*Your task:* Give the listing again word for word. Skip the pictures.

:: Supplied material ::

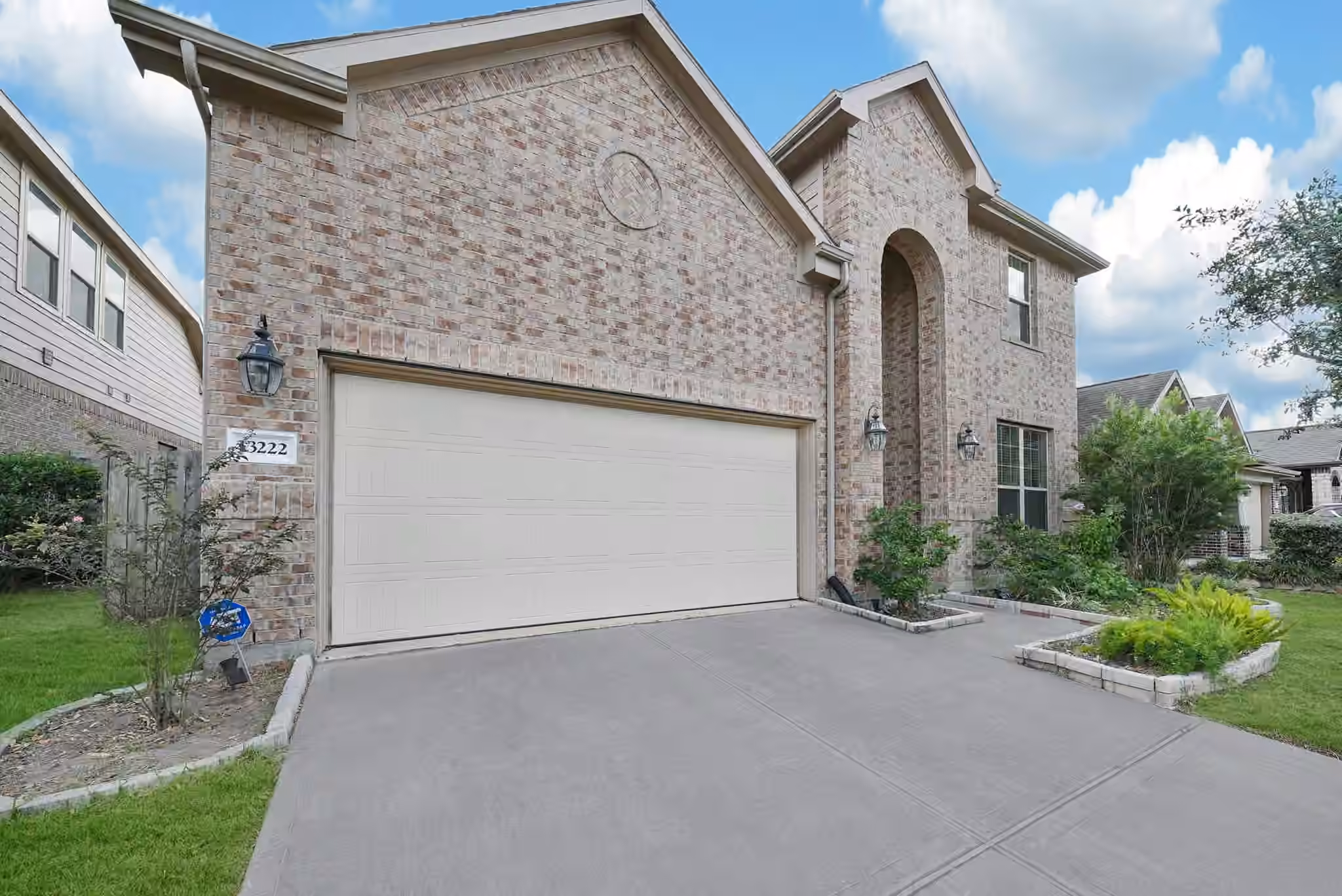 Photo 2 of 13222 Alcott Forest Lane, Rosharon, TX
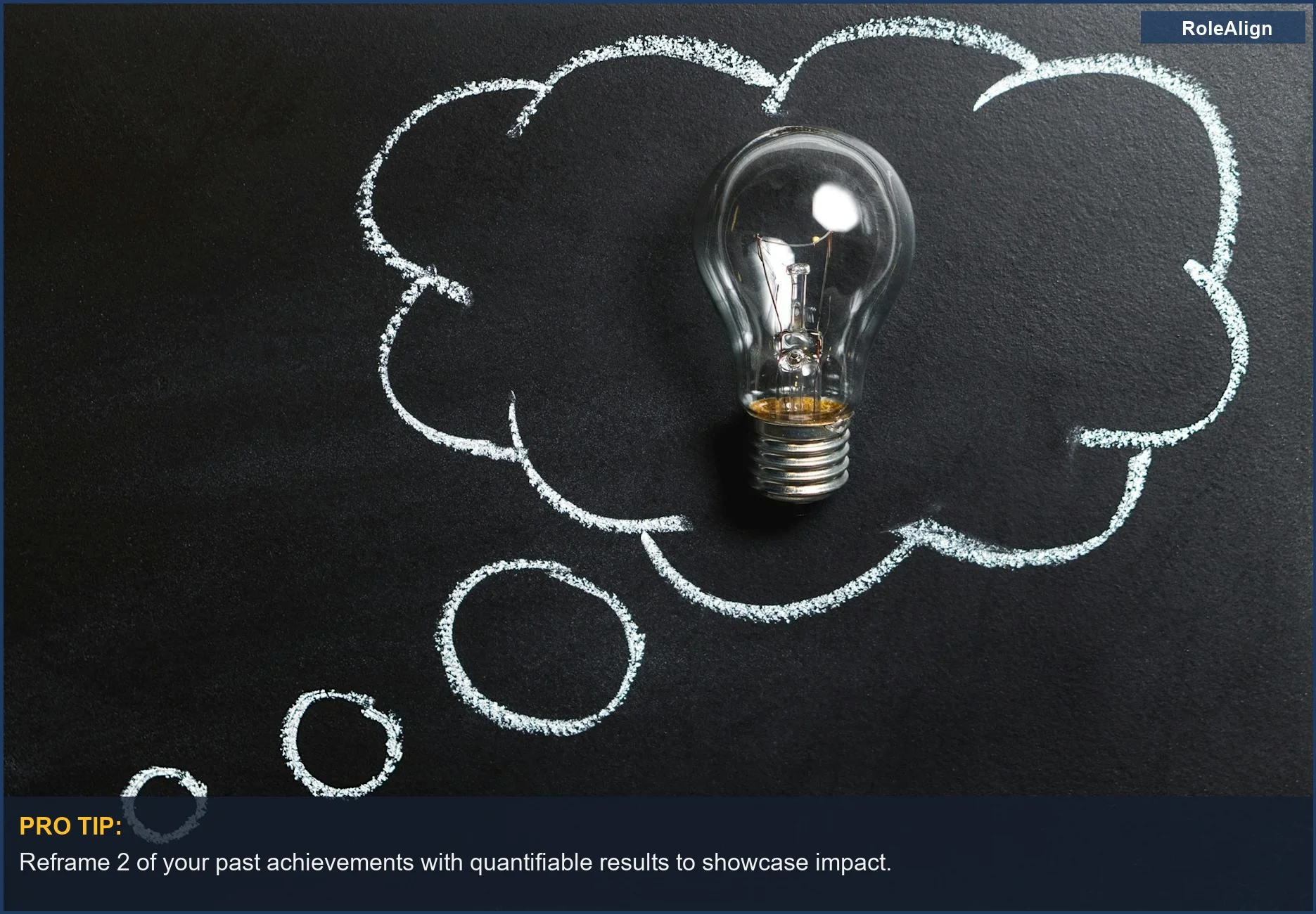 Bombilla con una burbuja de pensamiento en una pizarra, representando el pensamiento innovador para tu propuesta de valor única.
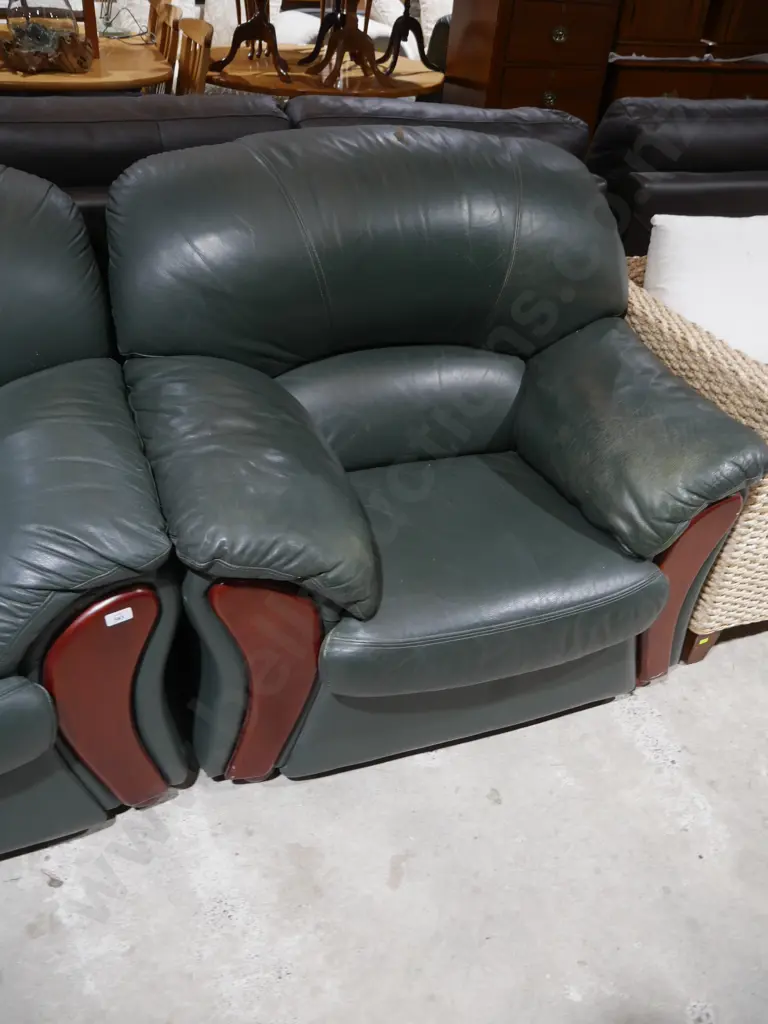 3 piece green lounge suite Image 1++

:::

*Solution:*
 Photo 2 of 13222 Alcott Forest Lane, Rosharon, TX
 Bombilla con una burbuja de pensamiento en una pizarra, representando el pensamiento innovador para tu propuesta de valor única.
 3 piece green lounge suite Image 1++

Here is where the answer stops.